Given the number of new homes built in the past five years, it is a surprise to most residents to learn that district enrollment has remained stable. It has been approximately 2,100 students for a long time. Meanwhile, the physical plant has changed and will change again within the next couple years.
London Elementary School, one of the largest elementaries in Ohio, is now 5 years old. It houses pre-kindergarten through fifth grade with just over 1,000 students. London High School (LHS) has the 1981 original building and the 2003 addition. There are approximately 600 students enrolled at LHS, with 58 attending Tolles Career & Technical Center. The remaining students are at London Middle School in grades six through eight. If all goes as planned, we will have a new middle school across from the high school on State Route 38 within the next two years.
The location of this new school is possible because of the collaboration between the City of London and the school district. We are finalizing the details of an agreement to exchange the district land in town for the city’s land on State Route 38, a good move for both parties. The new school will be completely funded by the Ohio School Facilities Commission. The construction of the school and required renovations at the high school should begin in the summer of 2009.
At the same time, we are doing more with less, particularly at the administrative level. Many may not know that two years ago the district cut the assistant superintendent position, the head custodian/boiler engineer position, head of maintenance/transportation, and a principal position. At the same time, we asked for a staffing analysis from the Ohio Department of Education. Their conclusion is that the district has 13 fewer employees than comparable districts. We are doing more with less.

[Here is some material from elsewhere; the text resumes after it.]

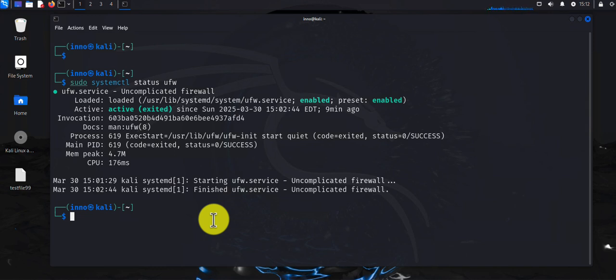That's all for this video — that's how you can secure your Kali Linux by installing and configuring the firewall. I hope this information has been helpful. I'll catch you in my next video, thanks, bye.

How are we doing more? The “No Child Left Behind” Act and subsequent state laws require much more of school districts and individual schools. Just a few years ago, districts created their own curricula, based on research, community expectations and their students’ needs. When the state proficiency tests came along in the 90’s, we tested students in the fourth, sixth, ninth and 12th grades, but those tests were based on unknown state expectations.
Now, students are taking mandatory tests in grades three through 10. Those tests are assessing students’ achievement related to the state standards. There is also mandatory intervention for every student that does not pass those tests. All students are to be tested and are expected to pass the tests.
The district is not concerned with this additional accountability. In fact, we are embracing it and challenging ourselves to improve the learning of every child. This has proven to be a difficult challenge, particularly at the elementary level, because for the past three years the majority of our kindergarten students are entering school without what are generally accepted as “readiness” skills.
The faculty is working hard to align their instruction and assessments with the state standards while meeting the educational needs of every student. We have a state grant that provides assistance, guidance and funds for this work. All of our professional development time is dedicated to these goals. As our test results indicate, we are beginning to see progress because we have quality teachers who care about children and know how to adapt when the environment changes.
Thanks to the residents and businesses in the London City School District and our very dedicated staff, the district is one we continue to point to with pride. Working together to address our challenges, we will be able to continue to improve.